No doubt this is handy for testing this particular area, but overall I feel
this is too much of a one-trick pony to include in pgbench.

Alternatively, you could do something like this:

I think the one-trick pony is pgbench. It has exactly one starting
condition for its tests and that isn't even a real world condition.

The main point of including the option into pgbench is to have a
utility that produces as initial test condition that works the same
for everyone, so we can accept each others benchmark results. We both
know that if someone posts that they have done $RANDOMSQL on a table
before running a test, it will just be ignored and people will say
user error. Some people will get it wrong when reproducing things and
we'll have chaos.

The patch exists as a way of testing the clog contention improvement
patches and provides a route to long term regression testing that the
solution(s) still work.

--
 Simon Riggs                   http://www.2ndQuadrant.com/
 PostgreSQL Development, 24x7 Support, Training & Services

#6Robert Haas
robertmhaas@gmail.com
In reply to: Simon Riggs (#5)
Re: Simulating Clog Contention

On Thu, Jan 19, 2012 at 10:18 AM, Simon Riggs <simon@2ndquadrant.com> wrote:

On Thu, Jan 19, 2012 at 2:36 PM, Heikki Linnakangas
<heikki.linnakangas@enterprisedb.com> wrote:

On 12.01.2012 14:31, Simon Riggs wrote:

In order to simulate real-world clog contention, we need to use
benchmarks that deal with real world situations.
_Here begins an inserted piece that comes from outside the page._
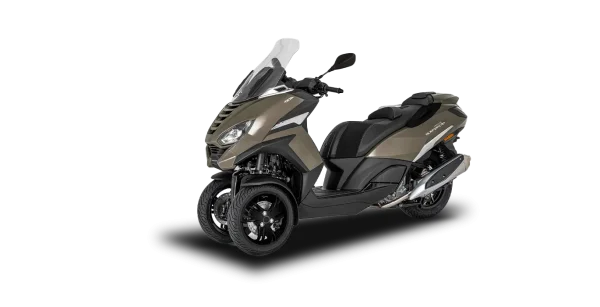 Renting PEUGEOT Metropolis 400 GT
Currently, pgbench pre-loads data using COPY and executes a VACUUM so
that all hint bits are set on every row of every page of every table.
Thus, as pgbench runs it sees zero clog accesses from historical data.
As a result, clog access is minimised and the effects of clog
contention in the real world go unnoticed.

The following patch adds a pgbench option -I to load data using
INSERTs, so that we can begin benchmark testing with rows that have
large numbers of distinct un-hinted transaction ids. With a database
pre-created using this we will be better able to simulate and thus
more easily measure clog contention. Note that current clog has space
for 1 million xids, so a scale factor of greater than 10 is required
to really stress the clog.

No doubt this is handy for testing this particular area, but overall I feel
this is too much of a one-trick pony to include in pgbench.
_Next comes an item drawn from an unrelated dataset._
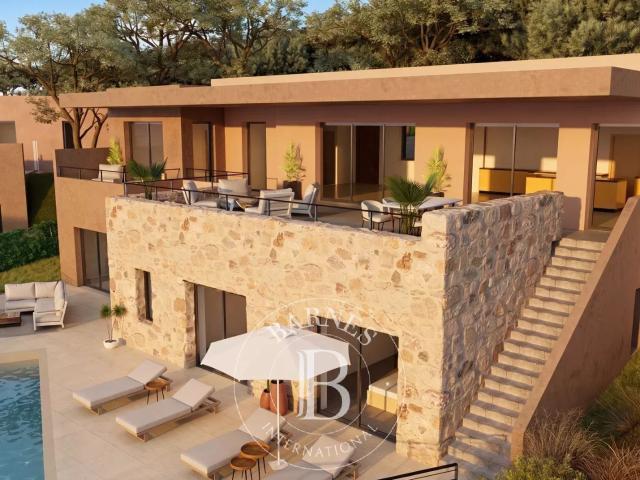 Maison 5 pièces 198 m²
Alternatively, you could do something like this:

I think the one-trick pony is pgbench. It has exactly one starting
condition for its tests and that isn't even a real world condition.

The main point of including the option into pgbench is to have a
utility that produces as initial test condition that works the same
for everyone, so we can accept each others benchmark results. We both
know that if someone posts that they have done $RANDOMSQL on a table
before running a test, it will just be ignored and people will say
user error. Some people will get it wrong when reproducing things and
we'll have chaos.

The patch exists as a way of testing the clog contention improvement
patches and provides a route to long term regression testing that the
solution(s) still work.

I agree: I think this is useful.

However, I think we should follow the precedent of some of the other
somewhat-obscure options we've added recently and have only a long
form option for this: --inserts.

Also, I don't think the behavior described here should be joined at
the hip to --inserts:

+	 * We do this after a load by COPY, but before a load via INSERT
+	 *
+	 * This is done deliberately to ensure that no heap or index hints are
+	 * set before we start running the benchmark. This emulates the case
+	 * where data has arrived row at a time by INSERT, rather than being
+	 * bulkloaded prior to update.

I think that's also a useful behavior, but if we're going to have it,
we should have a separate option for it, like --create-indexes-early.
Otherwise, someone who wants to (for example) test only the impact of
doing inserts vs. COPY will get misleading answers.

Finally, it's occurred to me that it would be useful to make pgbench
respect -n even in initialization mode, and the SGML doc changes imply
that this patch does that somewhere or other, but maybe only when
you're doing INSERTS and not when you're doing copy, which would be
odd; and there's no sgml doc update for -n, and no command-line help
change either.

In short, I think the reason this patch seems like it's implementing
something fairly arbitrary it's really three pretty good ideas that
are somewhat jumbled together.

--
Robert Haas
EnterpriseDB: http://www.enterprisedb.com
The Enterprise PostgreSQL Company

#7Simon Riggs
simon@2ndQuadrant.com
In reply to: Robert Haas (#6)
Re: Simulating Clog Contention

On Thu, Jan 19, 2012 at 3:41 PM, Robert Haas <robertmhaas@gmail.com> wrote:

I agree: I think this is useful.

However, I think we should follow the precedent of some of the other
somewhat-obscure options we've added recently and have only a long
form option for this: --inserts.

Yep, no problem.

Also, I don't think the behavior described here should be joined at
the hip to --inserts:

+        * We do this after a load by COPY, but before a load via INSERT
+        *
+        * This is done deliberately to ensure that no heap or index hints are
+        * set before we start running the benchmark. This emulates the case
+        * where data has arrived row at a time by INSERT, rather than being
+        * bulkloaded prior to update.

I think that's also a useful behavior, but if we're going to have it,
we should have a separate option for it, like --create-indexes-early.
Otherwise, someone who wants to (for example) test only the impact of
doing inserts vs. COPY will get misleading answers.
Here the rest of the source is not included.